Huron’s Q1 results highlight both the resilience and evolving risk profile of its consulting platform, with digital and healthcare strengths offsetting margin and mix challenges in other areas.

Key Considerations:

  • Digital-Led Growth Trajectory: Sustained double-digit expansion in digital capabilities is reshaping the commercial segment’s revenue base, but margin accretion will depend on integration and cost discipline.
  • Healthcare and Education Stickiness: Enduring client relationships and regulatory-driven demand provide visibility, but continued cost pressure and policy shifts may alter project mix and pricing over time.
  • Margin Management: Segment-level margin swings, especially in the commercial and education businesses, highlight the importance of cost control and operational leverage as project complexity grows.
  • Cash Flow and Capital Deployment: Negative free cash flow in Q1 is seasonal, but ongoing discipline is needed to fund buybacks, debt service, and organic investments as the business scales.

Risks

Huron faces notable risks from macro volatility, regulatory change, and evolving client spending patterns, particularly in commercial strategy consulting and higher education segments. Integration of acquisitions and delivery of increasingly complex, cross-functional projects could pressure margins and execution if not managed proactively. Margin compression in commercial and education segments warrants close monitoring, as does the durability of digital demand in a shifting economic environment.

Forward Outlook

For Q2 2025, Huron expects:

  • Continued robust demand in healthcare and education, with no notable change in pipeline conversion or cancellations through April.
  • Commercial segment growth led by digital, with financial advisory activity expected to rebound as project mix normalizes.

For full-year 2025, management reaffirmed guidance:

  • RVR of $1.58 billion to $1.66 billion
  • Adjusted EBITDA margin of 14.1% to 14.5% of RVR
  • Adjusted EPS of $6.80 to $7.60

Management cited strong sales conversion, stable client relationships, and balanced pro- and countercyclical offerings as drivers of confidence, while flagging continued monitoring of commercial strategy consulting and margin variability.

  • Healthcare hiring and digital investments will continue to support growth.
  • Project size and scope expansion are expected to persist, supporting revenue but increasing delivery complexity.

Takeaways

Huron’s Q1 performance underscores its ability to balance growth and risk across a diversified consulting platform, with digital and healthcare strengths counterbalancing segment-level margin and mix pressures.

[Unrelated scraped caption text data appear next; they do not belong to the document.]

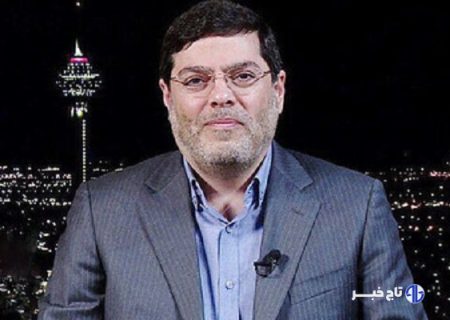 مرندی: اروپایی‌ها هیچ اعتبار و اهرم فشاری علیه ایران ندارند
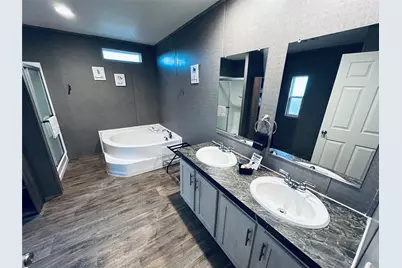 204 N Marion Street, Richland Springs, TX 76871 - Photo 23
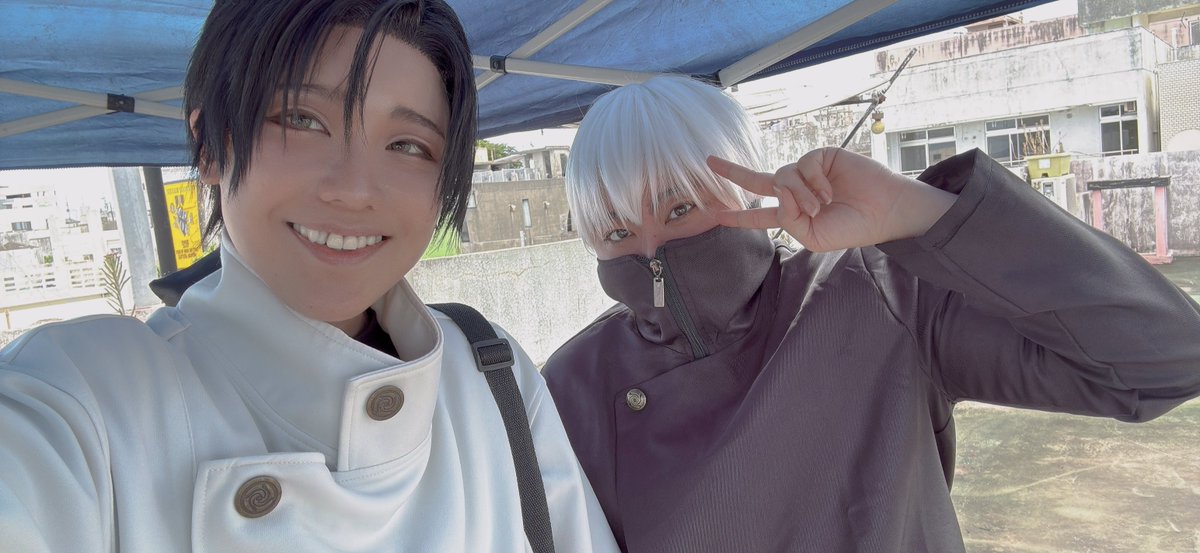 keyudesu's tweet photo. プール開きにお誘いいただきました🥺🙌
めちゃくちゃ楽しかってですよプール撮影🥹
下の階も本当に素敵だった、、🥺🙏

ひらひらの女装レイヤーさんとか凄く綺麗に映りそうです☺️
棘@___kuzunoha___ 玄さん

スタジオはこちら↓
#ビクコス出張プール
@Victorian320736 スタジオVictorianさん https://t.co/5o56arroQB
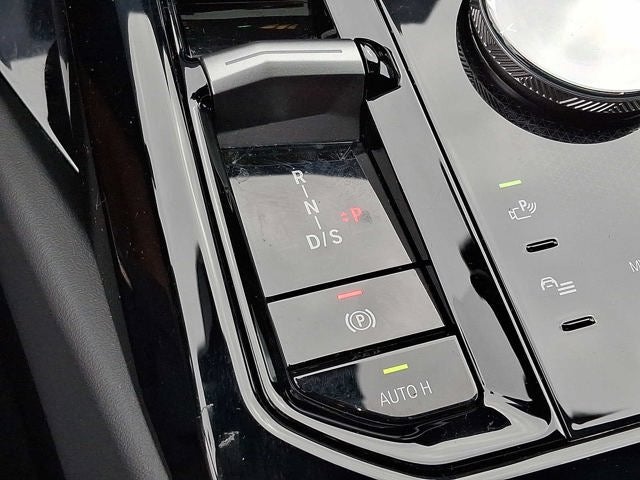 2026 BMW 5 Series 530i xDrive Sedan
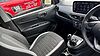 Hyundai I10 1.0 [63] Advance 5dr Auto [Nav] Petrol Hatchback Aurora Grey - Pearl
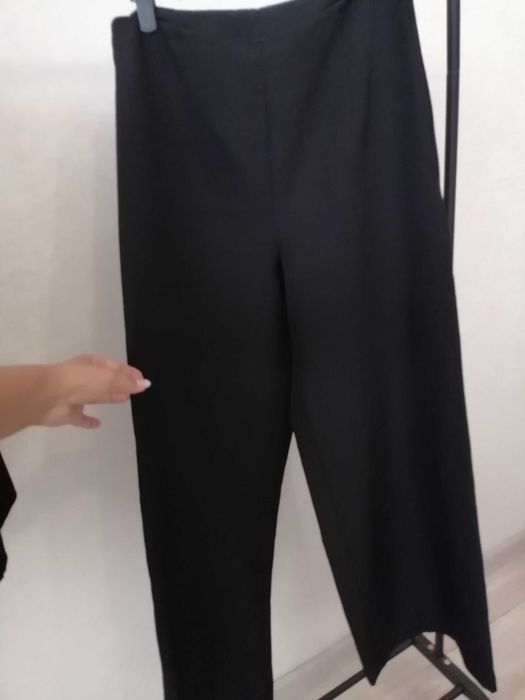 Продаётся тройка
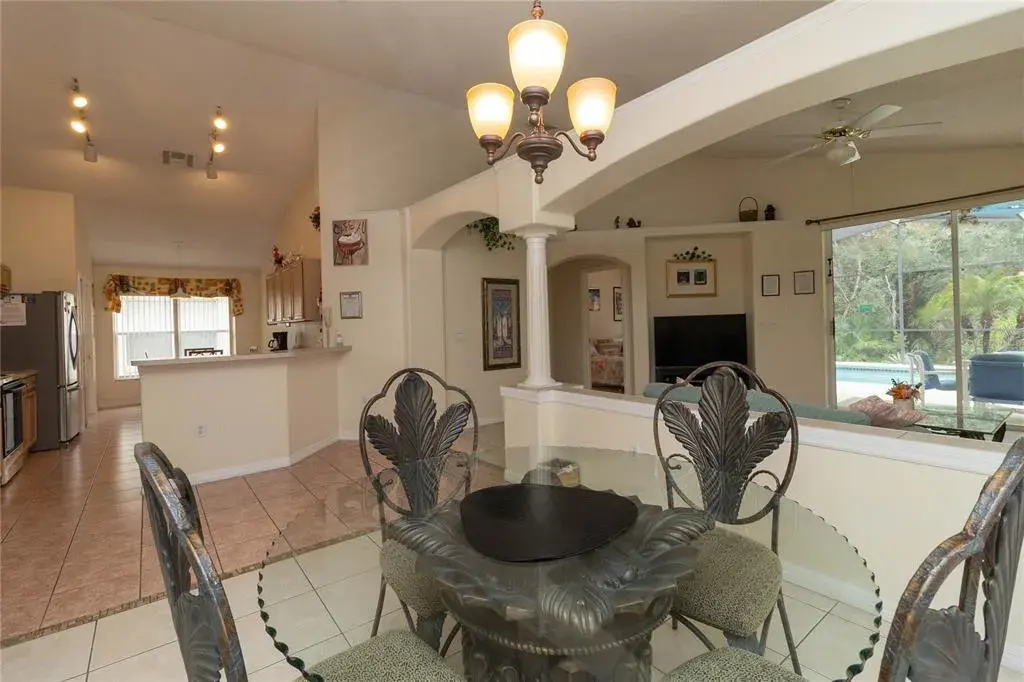 Property for sale at 4626 EAGLE PEAK DRIVE, KISSIMMEE, FL, 34746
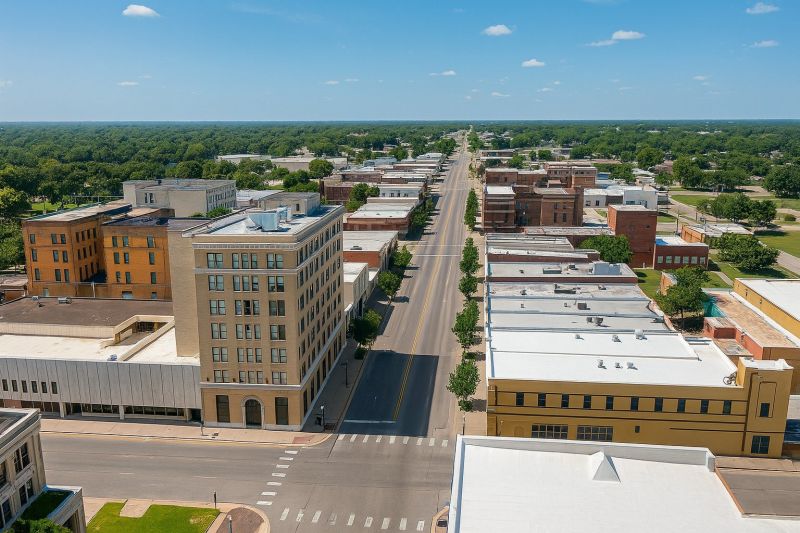 Top Shower Remodeling Companies in Greenville, TX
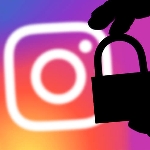 Tips Agar Akun Instagram Tak Mudah Diretas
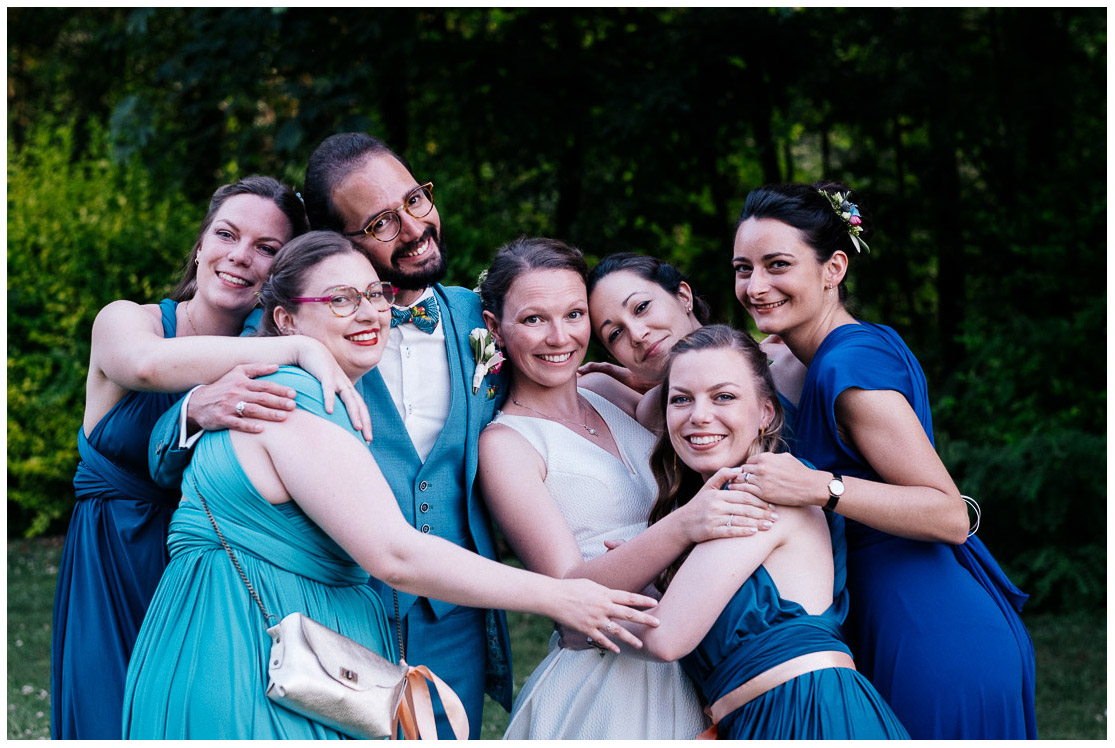 Mariage-chateau-d&rsquo;Aubry-48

  • Segment Rotation: Commercial digital and healthcare services are the primary growth engines, but commercial strategy softness and education margin dips highlight the need for ongoing operational agility.
  • Project Complexity Trend: Larger, more integrated projects are driving revenue and client stickiness, but require disciplined execution to preserve profitability as business mix evolves.
  • Next Watchpoints: Investors should monitor commercial segment margin recovery, sustainability of digital demand, and the impact of regulatory or macro shocks on client spending and project pipeline.

Conclusion

Huron enters the remainder of 2025 with a solid foundation in healthcare and digital consulting, but must navigate segment mix shifts, margin management, and growing project complexity to sustain value creation. The reaffirmed outlook and capital return posture reflect confidence, yet execution on integration and delivery will be critical as the consulting landscape remains fluid.

Industry Read-Through

Huron’s results reinforce several industry-wide signals for professional services and consulting: Digital transformation demand remains robust as clients prioritize efficiency and analytics, but traditional strategy work is increasingly exposed to macro caution. The healthcare and education sectors are proving resilient for advisors able to address regulatory complexity and operational strain. Project size and scope are rising across the industry, favoring firms with deep cross-functional capabilities, but also requiring greater delivery discipline and risk management. Margin volatility and acquisition integration are likely to remain key themes for the sector as client needs and consulting models continue to evolve.